Com exceção do carbonara, que custa 30 (R$ 178), mas que inclui a finalização feita pelo chef, os preços do cardápio para o jantar não destoam do bairro. Os primeiros custam entre 18 (R$ 106,5) e 26 (R$ 154), e os segundos, entre 23 (R$ 136) e 60 (R$ 355).
“Não invento nada, faço o que já faziam os nossos avós, grandes pratos simples com poucos ingredientes. As pessoas gostam da comida italiana porque percebem logo o sabor, sem precisar se concentrar tanto”, diz Mariola. O chef se prepara para abrir uma segunda unidade em Milão, com pratos mais rápidos, do brunch até o “aperitivo”, o happy hour milanês.
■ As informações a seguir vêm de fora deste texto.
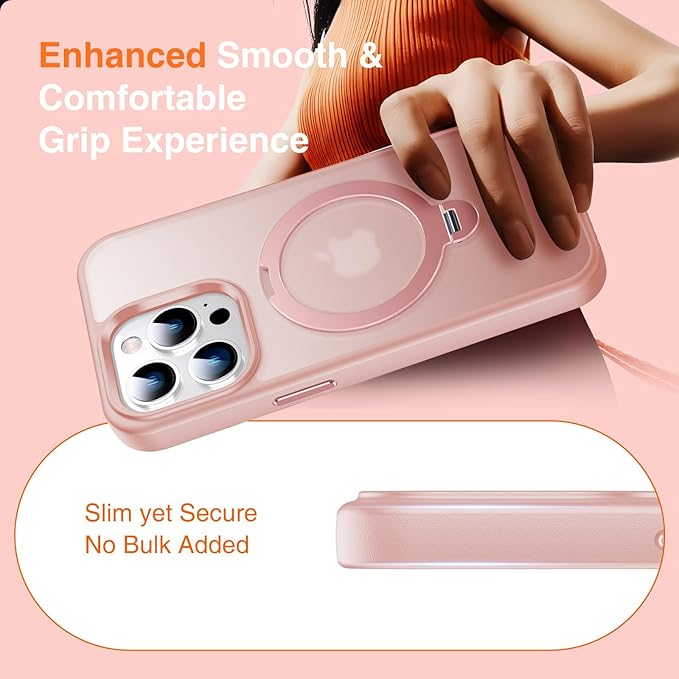 360° O-Ring MagStander for iPhone 13 Pro Case with Magnetic Kickstand Ring Holder [Compatible with MagSafe][360°Rotate Stand Ring][Military Shockproof] iPhone 13 Pro Phone Cover Matte Pink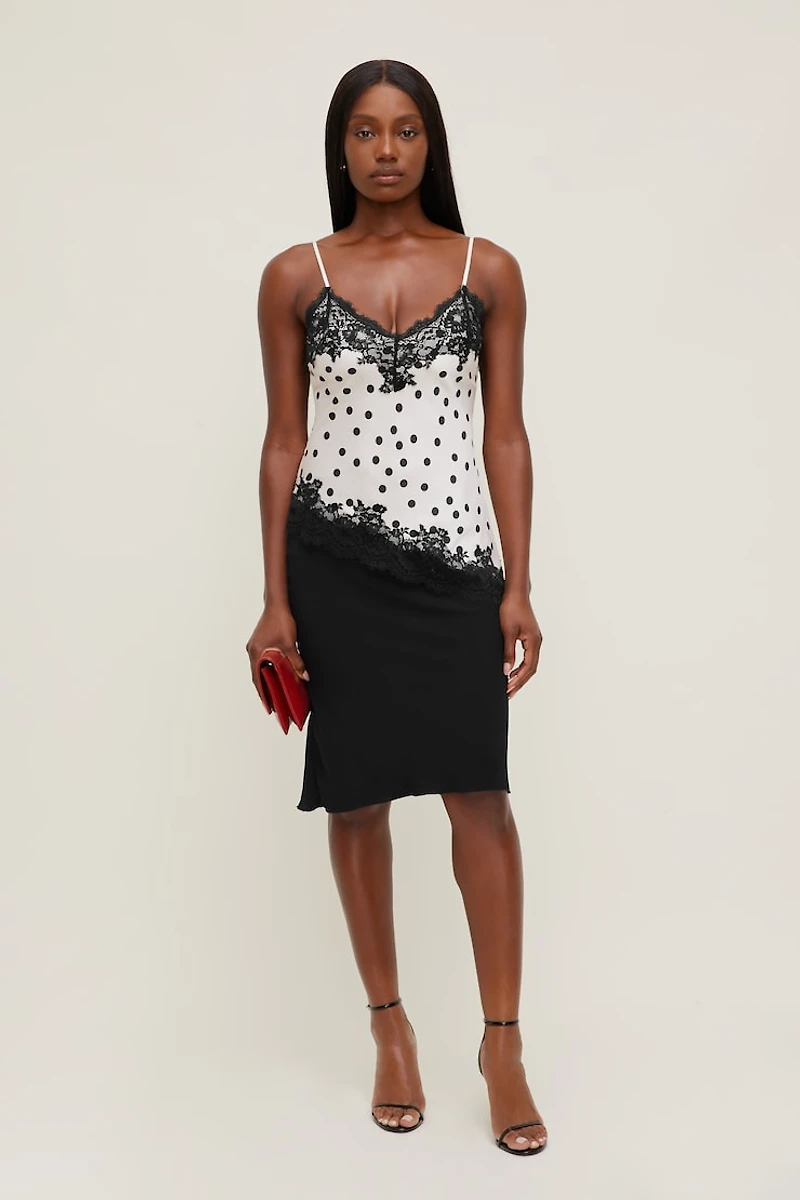 Cassie Asymmetric Lace Satin Cami
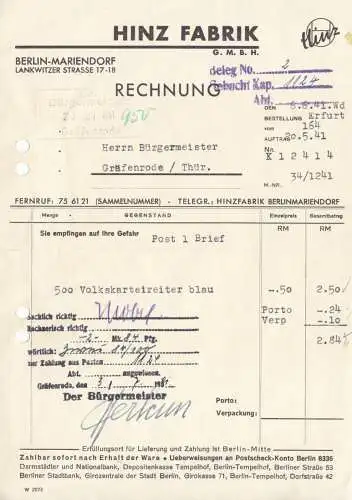 Rechnung, Hinz Fabrik GmbH, Berlin-Mariendorf, 06.06.1941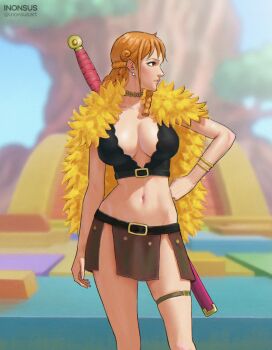 1girl bangle belt belt_buckle blurry blurry_background bracelet braid breasts brown_eyes brown_loincloth buckle capelet choker cleavage closed_mouth collarbone commentary crop_top curvy earrings feet_out_of_frame fur_capelet gold_bangle gold_choker half_up_braid hand_on_own_hip highres inonsusart jewelry large_breasts lego lego_brick lips loincloth long_hair looking_to_the_side midriff nami_(one_piece) nami_(one_piece)_(elbaf) navel official_alternate_costume official_alternate_hairstyle one_piece orange_hair pearl_earrings people pink_lips profile revealing_clothes single_braided_sidelock solo standing straight-on sword sword_on_back thigh_strap tree twitter_username weapon weapon_on_back wide_hips yellow_capelet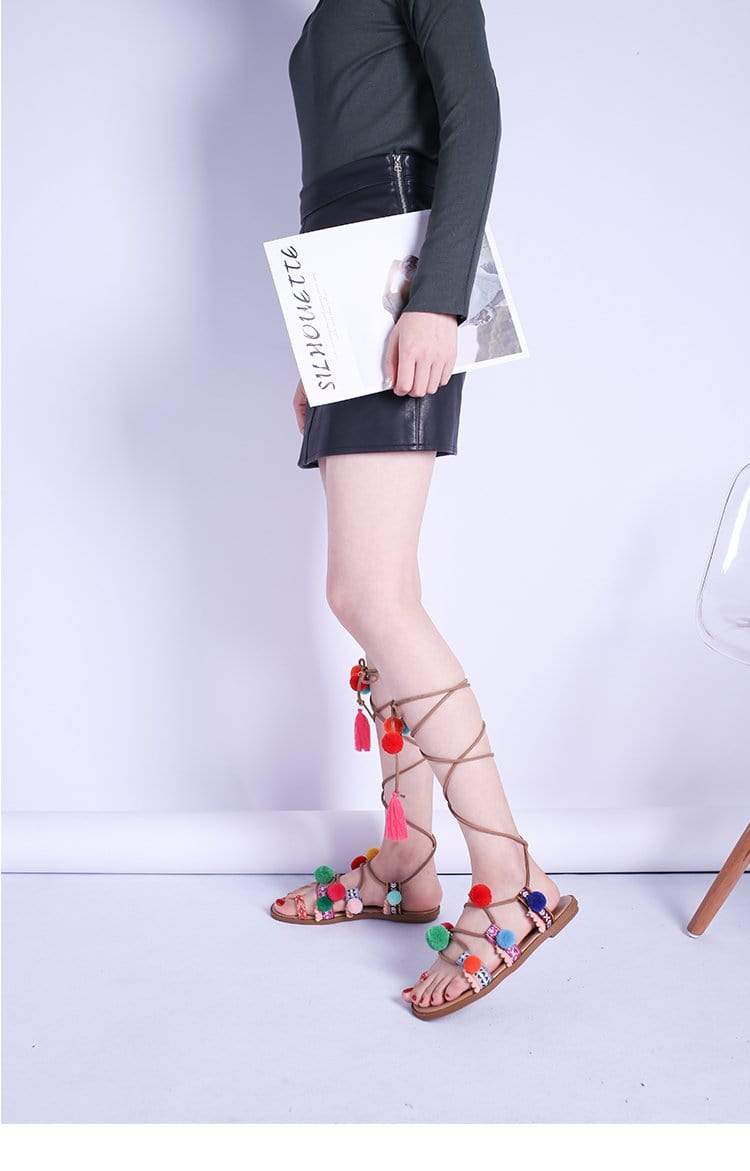 Eva® | Boho Sandals With Colorful Pompoms - Image 3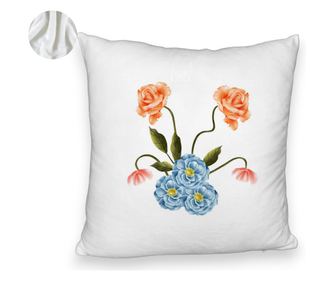 Διακοσμητικό Μαξιλάρι Fluffy, Ροζ και Γαλάζιο Φλοράλ Σχέδιο, 40x40 εκ., Λευκό, Αφαιρούμενο Κάλυμμα, Περιλαμβάνεται Γέμιση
Segundo ele, há uma ligação permanente entre o cardápio e o conteúdo das redes sociais, com as receitas disponíveis em vídeos e, por outro lado, a interação com os seguidores utilizada para definir o que entra e sai do menu.
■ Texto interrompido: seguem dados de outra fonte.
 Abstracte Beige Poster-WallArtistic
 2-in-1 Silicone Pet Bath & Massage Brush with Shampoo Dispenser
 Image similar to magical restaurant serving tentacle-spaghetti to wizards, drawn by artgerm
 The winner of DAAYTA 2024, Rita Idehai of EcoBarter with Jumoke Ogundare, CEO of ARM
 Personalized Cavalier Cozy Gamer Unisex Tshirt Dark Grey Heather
A reportagem conheceu o restaurante, sem se identificar, no fim de maio e, semanas depois, entrevistou o chef ali mesmo. Na noite do jantar, Mariola não estava no salão, mas em Cannes, na França, onde recebeu o prêmio de melhor influencer de comida.
Mariola diz que uma surpresa foi a rápida chegada do público internacional. “Tem brasileiros quase todos os dias. Já teve um dia com 20 comendo aqui. A maior parte é de São Paulo, são muito amigáveis”, diz o chef, que esteve no Brasil uma vez, no anos 1990.
A composição do público é um efeito do que acontece nos canais online. Segundo Mariola, o Brasil representa o quarto maior país em número de seguidores no Instagram, com 4,4%, atrás de Itália (24%), Estados Unidos (15,8%) e Alemanha (5,9%).
Romano de 55 anos, Mariola conta que cresceu em uma família muito ligada ao hábito de comer bem e cozinhar. O pai pescava polvo e fazia vinho; a mãe e a tia, preparavam massa fresca, o que o levou a querer trabalhar na área. Primeiro, chegou à cozinha de um canal de TV pioneiro sobre culinária e, em seguida, virou chef e consultor de restaurantes e hotéis.
No fim de 2017, incentivado pela mulher, começou a fazer vídeos no YouTube. “Fazia quase contra minha vontade. Parecia uma brincadeira, e eu queria cozinhar de verdade.”
A virada veio com a pandemia de Covid e o impacto no setor devido a sucessivos lockdowns. “Eu e minha mulher nos perguntamos: quanto conseguimos durar pagando financiamento de apartamento?. Foi quando começamos a fazer vídeos seriamente.”
Em 2022, vendo a audiência cair diante dos reels do Instagram e do Tik Tok, passou a investir nesse conteúdo. Nos vídeos, é comum ouvir Mariola exaltar ingredientes naturais. “Faço essa comunicação do comer bem e saudável, sem peixe de criadouro, sem tanta carne, com muitos legumes. Existe um estilo de vida aplicado às receitas.”
É um reflexo da própria alimentação, conta o chef. “Como pouquíssima massa, pouco pão, quase zero de pizza, pouco carboidrato refinado.” E o carbonara? “Quase nunca! Farinha branca é um problema para o corpo.”